Today guardian.co.uk rolled out a major upgrade to the RSS feeds. Our feeds now contain the full content of each article so that you can take guardian.co.uk with you wherever you prefer to get your news.
Fast-forward back to today and not only do they not provide the full content of articles in their feeds (those clickthroughs and ad impressions being all-important), but not even their developer blog has been spared. This is pretty disappointing.
When time is short or my brain is full, I have two ways of marking content as worth reading at some point in the future:
if it’s in google reader I star it
if it’s on the wild wild web then I add it to delicious and tag it ‘readme’
The fact that I have over 600 ‘readme’ items in delicious, going back to 2004 tells us one of two things:
I am not reading those items, or
I am not untagging them once read.
Sadly for me, the answer is (1) and I’ve not previously worked out a way of making serious damage to the number of unread articles without declaring bankruptcy and potentially starting again – except of course that I would still have no strategy for actually reading them!
Enter http://www.tabbloid.com/ – a two-year old (yet new to me) service from HP that lets you add any number of feeds you like and it will, on a daily or weekly schedule, grab those feeds, merge the results, sort by time, select the most recent items and generate a PDF which it will then email to you.

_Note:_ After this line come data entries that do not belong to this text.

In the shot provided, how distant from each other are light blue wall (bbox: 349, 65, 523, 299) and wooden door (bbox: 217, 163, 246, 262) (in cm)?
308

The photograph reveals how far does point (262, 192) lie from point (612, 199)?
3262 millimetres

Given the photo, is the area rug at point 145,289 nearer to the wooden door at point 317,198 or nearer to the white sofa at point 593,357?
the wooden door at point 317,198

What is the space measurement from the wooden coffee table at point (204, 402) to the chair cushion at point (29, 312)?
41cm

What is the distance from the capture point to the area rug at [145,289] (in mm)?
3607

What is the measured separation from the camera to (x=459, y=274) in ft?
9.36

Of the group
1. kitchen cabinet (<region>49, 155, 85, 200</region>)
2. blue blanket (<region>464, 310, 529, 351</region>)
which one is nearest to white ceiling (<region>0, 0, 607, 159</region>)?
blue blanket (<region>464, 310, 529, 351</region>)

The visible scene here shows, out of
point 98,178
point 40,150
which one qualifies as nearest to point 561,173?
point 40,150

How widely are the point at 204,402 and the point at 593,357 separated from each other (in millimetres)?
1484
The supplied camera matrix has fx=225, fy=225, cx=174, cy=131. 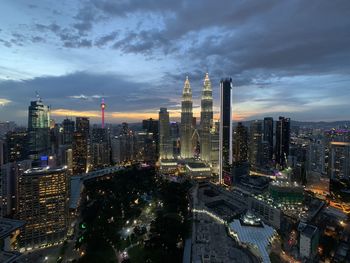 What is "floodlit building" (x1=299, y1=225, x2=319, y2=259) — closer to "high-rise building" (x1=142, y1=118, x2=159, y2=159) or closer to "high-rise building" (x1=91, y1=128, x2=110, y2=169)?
"high-rise building" (x1=91, y1=128, x2=110, y2=169)

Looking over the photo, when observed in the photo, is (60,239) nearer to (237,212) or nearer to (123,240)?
(123,240)

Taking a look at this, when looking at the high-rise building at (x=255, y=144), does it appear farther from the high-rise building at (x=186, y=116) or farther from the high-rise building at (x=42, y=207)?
the high-rise building at (x=42, y=207)

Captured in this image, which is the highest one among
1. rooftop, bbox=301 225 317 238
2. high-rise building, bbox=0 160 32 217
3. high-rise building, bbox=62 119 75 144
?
high-rise building, bbox=62 119 75 144

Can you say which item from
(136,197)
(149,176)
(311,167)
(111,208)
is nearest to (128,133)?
(149,176)

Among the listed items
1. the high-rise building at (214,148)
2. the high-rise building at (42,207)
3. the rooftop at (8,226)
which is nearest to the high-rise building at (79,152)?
the high-rise building at (42,207)

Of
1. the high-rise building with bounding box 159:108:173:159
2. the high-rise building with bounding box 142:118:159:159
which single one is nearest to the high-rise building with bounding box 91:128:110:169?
the high-rise building with bounding box 159:108:173:159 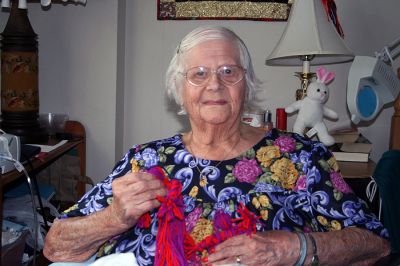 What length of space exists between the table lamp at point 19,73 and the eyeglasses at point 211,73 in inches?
35.3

I’m going for a weekly delivery of both my starred items and readme items – my first one arrived in my inbox the other day, I printed it out and am very happy indeed. Of course it means that each week I’m giving myself a job to go through my Tabbloid printout and de-star or remove the tag in delicious, but at least I’m making progress!

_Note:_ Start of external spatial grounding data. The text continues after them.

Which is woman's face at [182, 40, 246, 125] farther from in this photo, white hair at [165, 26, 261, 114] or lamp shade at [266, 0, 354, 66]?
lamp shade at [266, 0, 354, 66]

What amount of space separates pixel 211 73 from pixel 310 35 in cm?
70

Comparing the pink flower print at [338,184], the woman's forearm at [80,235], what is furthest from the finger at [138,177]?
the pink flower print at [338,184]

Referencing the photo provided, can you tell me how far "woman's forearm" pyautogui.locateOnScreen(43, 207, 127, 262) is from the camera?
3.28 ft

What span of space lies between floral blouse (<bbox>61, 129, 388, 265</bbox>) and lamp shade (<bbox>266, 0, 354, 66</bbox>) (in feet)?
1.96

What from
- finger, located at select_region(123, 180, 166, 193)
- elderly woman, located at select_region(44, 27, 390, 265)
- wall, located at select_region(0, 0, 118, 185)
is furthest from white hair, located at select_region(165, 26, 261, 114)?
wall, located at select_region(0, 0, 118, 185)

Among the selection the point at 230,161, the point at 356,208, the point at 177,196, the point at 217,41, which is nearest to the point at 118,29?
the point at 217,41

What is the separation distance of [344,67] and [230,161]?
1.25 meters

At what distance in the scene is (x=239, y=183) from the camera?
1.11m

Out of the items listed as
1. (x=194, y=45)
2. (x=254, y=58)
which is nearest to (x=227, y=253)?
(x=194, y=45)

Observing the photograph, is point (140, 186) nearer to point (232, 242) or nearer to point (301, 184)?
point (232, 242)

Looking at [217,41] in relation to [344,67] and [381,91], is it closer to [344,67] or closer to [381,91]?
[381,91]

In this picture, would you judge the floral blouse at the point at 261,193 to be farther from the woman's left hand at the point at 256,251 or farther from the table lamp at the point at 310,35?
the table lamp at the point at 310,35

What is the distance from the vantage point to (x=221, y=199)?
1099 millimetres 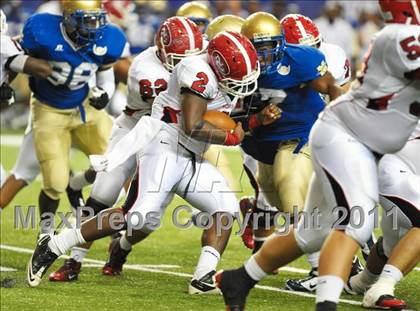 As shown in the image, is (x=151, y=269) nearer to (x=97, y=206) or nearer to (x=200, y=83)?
(x=97, y=206)

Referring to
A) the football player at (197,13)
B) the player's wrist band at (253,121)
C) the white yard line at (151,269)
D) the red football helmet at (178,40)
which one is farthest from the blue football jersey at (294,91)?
the football player at (197,13)

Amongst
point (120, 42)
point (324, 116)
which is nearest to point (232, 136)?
point (324, 116)

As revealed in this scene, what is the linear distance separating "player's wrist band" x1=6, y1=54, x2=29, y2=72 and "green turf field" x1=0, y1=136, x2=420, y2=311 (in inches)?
41.8

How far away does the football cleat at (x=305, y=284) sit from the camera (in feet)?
16.4

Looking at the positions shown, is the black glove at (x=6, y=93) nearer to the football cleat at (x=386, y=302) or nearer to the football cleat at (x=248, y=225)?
the football cleat at (x=248, y=225)

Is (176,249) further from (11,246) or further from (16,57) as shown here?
(16,57)

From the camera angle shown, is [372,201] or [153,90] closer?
[372,201]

That isn’t to say there aren’t any pain points with this whole process – I haven’t yet sussed how to queue up video items tagged with “watchme” for example, or watch videos I’ve starred in Google Reader – presumably there’s something about parsing the feeds, grabbing the video where possible, encoding to a phone-friendly format and then subscribing on a mobile feedreader, but that sounds like a lot of work right now for a relatively small issue and I’m more than happy to be able to have a piece of my online reading experience come offline with me, and be ready whenever I am.

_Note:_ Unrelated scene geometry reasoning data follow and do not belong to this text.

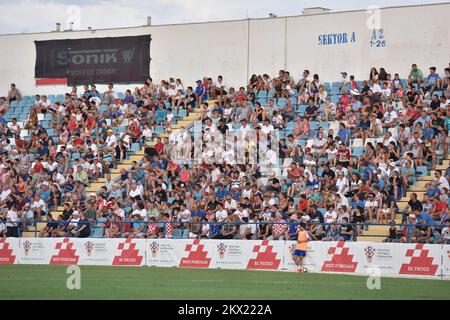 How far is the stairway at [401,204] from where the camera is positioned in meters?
28.5

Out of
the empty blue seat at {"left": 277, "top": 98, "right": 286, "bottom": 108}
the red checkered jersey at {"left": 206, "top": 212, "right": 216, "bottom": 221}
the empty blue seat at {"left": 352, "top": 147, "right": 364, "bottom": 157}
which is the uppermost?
the empty blue seat at {"left": 277, "top": 98, "right": 286, "bottom": 108}

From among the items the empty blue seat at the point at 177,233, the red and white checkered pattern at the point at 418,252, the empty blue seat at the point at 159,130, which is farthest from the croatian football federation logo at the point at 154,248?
the empty blue seat at the point at 159,130

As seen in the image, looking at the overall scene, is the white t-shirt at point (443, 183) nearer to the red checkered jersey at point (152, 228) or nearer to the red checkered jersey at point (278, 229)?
the red checkered jersey at point (278, 229)

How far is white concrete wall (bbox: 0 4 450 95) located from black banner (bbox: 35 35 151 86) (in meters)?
0.36

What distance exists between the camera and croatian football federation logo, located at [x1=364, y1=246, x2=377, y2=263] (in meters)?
27.1

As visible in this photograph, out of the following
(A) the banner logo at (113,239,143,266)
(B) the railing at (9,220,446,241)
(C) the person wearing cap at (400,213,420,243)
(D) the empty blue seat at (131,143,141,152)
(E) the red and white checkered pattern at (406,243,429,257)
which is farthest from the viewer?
(D) the empty blue seat at (131,143,141,152)

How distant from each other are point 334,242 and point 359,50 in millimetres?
12789

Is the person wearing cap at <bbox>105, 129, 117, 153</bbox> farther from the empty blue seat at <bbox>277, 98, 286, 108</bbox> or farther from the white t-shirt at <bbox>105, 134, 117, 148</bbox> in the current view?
the empty blue seat at <bbox>277, 98, 286, 108</bbox>

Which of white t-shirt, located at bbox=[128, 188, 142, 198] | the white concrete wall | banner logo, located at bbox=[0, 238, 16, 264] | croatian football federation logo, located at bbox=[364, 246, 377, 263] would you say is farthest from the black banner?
croatian football federation logo, located at bbox=[364, 246, 377, 263]

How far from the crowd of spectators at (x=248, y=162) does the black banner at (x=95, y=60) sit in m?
3.26

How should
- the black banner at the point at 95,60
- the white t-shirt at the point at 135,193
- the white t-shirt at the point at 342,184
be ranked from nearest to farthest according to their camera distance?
the white t-shirt at the point at 342,184 → the white t-shirt at the point at 135,193 → the black banner at the point at 95,60

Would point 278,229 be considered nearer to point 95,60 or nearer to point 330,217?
point 330,217

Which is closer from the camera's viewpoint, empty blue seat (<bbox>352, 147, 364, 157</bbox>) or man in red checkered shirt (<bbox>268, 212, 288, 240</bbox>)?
man in red checkered shirt (<bbox>268, 212, 288, 240</bbox>) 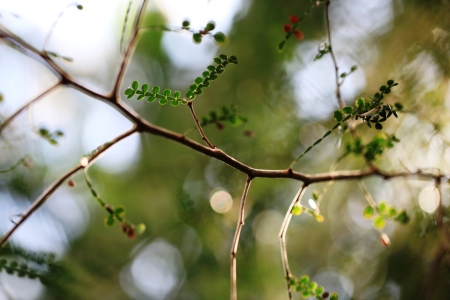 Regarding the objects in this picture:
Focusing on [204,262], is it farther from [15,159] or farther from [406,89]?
[406,89]

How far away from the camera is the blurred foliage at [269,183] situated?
0.82 metres

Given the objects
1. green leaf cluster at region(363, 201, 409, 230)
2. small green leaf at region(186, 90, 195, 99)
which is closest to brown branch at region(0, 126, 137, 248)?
small green leaf at region(186, 90, 195, 99)

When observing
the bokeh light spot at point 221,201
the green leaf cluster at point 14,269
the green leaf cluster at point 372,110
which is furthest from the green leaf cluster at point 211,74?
the bokeh light spot at point 221,201

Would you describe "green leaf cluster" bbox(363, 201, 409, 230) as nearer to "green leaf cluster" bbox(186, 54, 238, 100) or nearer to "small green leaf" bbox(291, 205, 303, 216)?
"small green leaf" bbox(291, 205, 303, 216)

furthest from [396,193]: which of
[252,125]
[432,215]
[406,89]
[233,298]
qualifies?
[233,298]

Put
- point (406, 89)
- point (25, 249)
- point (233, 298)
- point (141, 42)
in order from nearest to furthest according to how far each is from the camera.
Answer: point (233, 298), point (25, 249), point (406, 89), point (141, 42)

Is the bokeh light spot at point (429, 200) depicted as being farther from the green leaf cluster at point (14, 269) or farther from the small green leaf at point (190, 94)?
the green leaf cluster at point (14, 269)

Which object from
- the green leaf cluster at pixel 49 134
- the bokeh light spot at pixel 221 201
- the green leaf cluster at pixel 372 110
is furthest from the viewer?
the bokeh light spot at pixel 221 201

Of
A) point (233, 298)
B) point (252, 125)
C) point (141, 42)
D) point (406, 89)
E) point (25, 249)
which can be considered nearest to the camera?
point (233, 298)

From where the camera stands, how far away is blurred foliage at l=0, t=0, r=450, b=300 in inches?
32.2

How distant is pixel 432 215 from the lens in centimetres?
75

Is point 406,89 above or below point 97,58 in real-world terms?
above

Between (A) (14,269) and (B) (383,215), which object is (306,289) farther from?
(A) (14,269)

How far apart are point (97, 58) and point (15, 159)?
33 cm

As I recently wrote, I have a new-found interest in ebooks (I also bought four new textbooks from O’Reilly using a BOGOF offer to pick up 97 Things Every Programmer Should Know, 97 Things Every Project Manager Should Know, Beautiful Code and The Art of Agile Development).
Aldiko has a built in browser for the feedbooks.com catalog, but also gives you the ability to add your own catalogs. A friend told me that Calibre, a popular ebook management programme, has a web interface which one of the other popular Android ebook readers (WordPlayer) could be pointed at in order to add custom catalogs. After a quick trial and a few Google searches, I realised that WordPlayer actually subscribes to an XML file hosted on http://localhost/calibre/stanza
Opening this file shows it to be Atom, where each entry is a small metadata container and the link element is used to reference the actual book and images that represent it, like this:
Another few searches showed this to be a draft specification called openpub. Aldiko supports this, so adding the /stanza URL to a custom catalog works there too! Voila, custom catalogs in Aldiko. Marvellous!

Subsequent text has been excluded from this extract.